# [How to complete this task]
Images are to be skipped; everything else in the records must be repeated exactly.
--- START ---
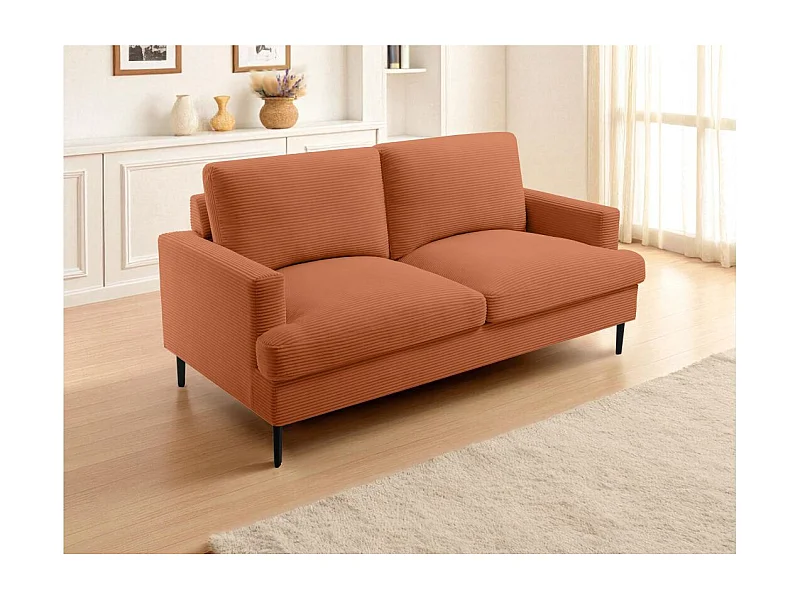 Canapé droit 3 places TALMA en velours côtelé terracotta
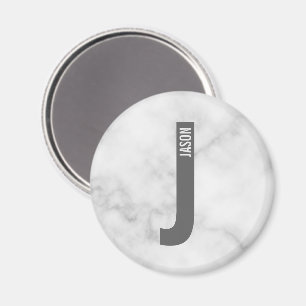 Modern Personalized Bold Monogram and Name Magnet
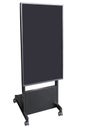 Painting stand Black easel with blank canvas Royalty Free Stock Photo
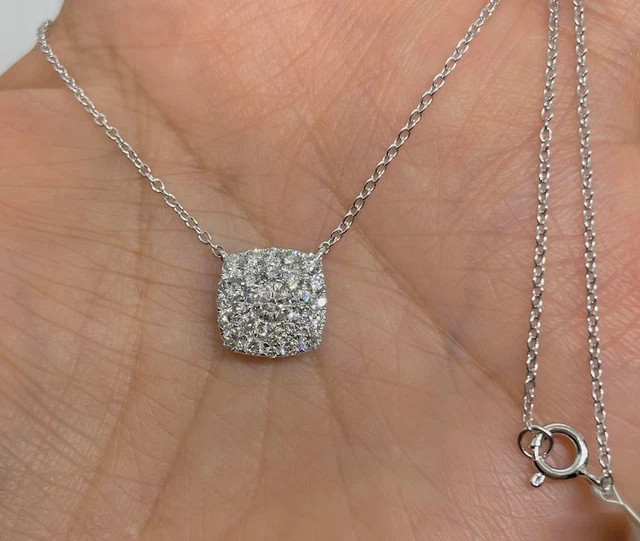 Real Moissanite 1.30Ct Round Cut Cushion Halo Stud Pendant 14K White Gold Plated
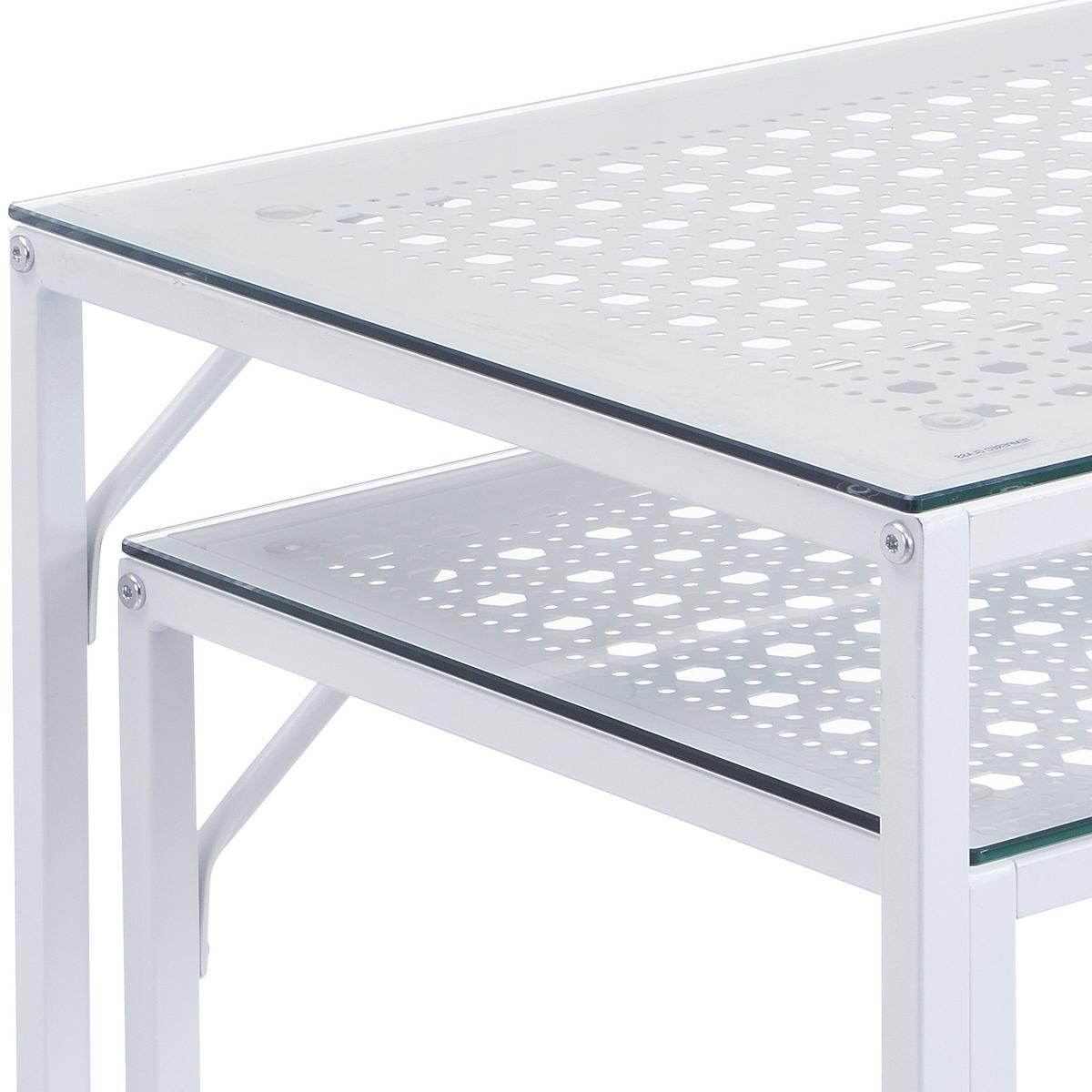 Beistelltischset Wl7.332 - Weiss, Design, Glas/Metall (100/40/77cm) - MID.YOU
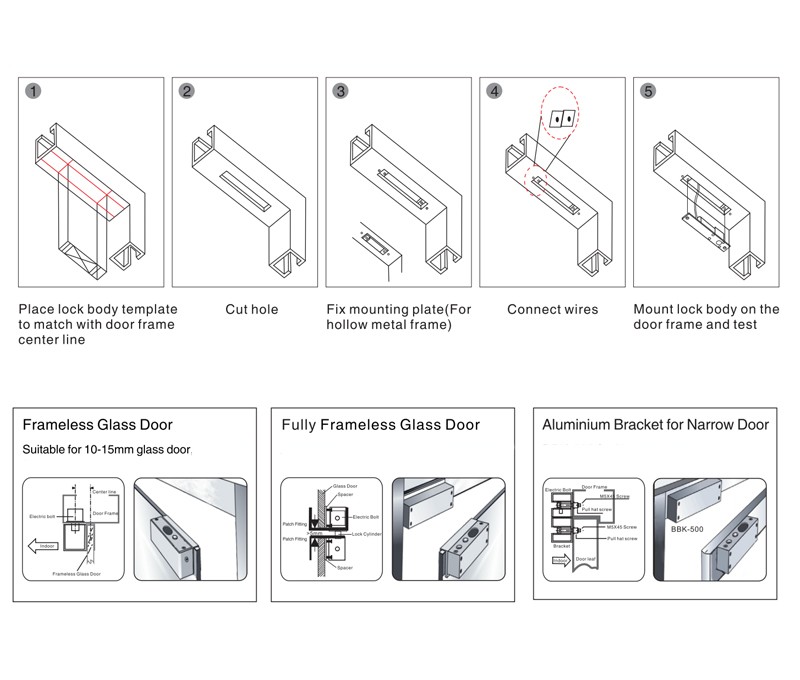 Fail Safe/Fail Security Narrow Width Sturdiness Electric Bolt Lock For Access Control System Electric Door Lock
--- END ---
# [Task result]
 Canapé droit 3 places TALMA en velours côtelé terracotta
 Modern Personalized Bold Monogram and Name Magnet
 Painting stand Black easel with blank canvas Royalty Free Stock Photo
 Real Moissanite 1.30Ct Round Cut Cushion Halo Stud Pendant 14K White Gold Plated
 Beistelltischset Wl7.332 - Weiss, Design, Glas/Metall (100/40/77cm) - MID.YOU
 Fail Safe/Fail Security Narrow Width Sturdiness Electric Bolt Lock For Access Control System Electric Door Lock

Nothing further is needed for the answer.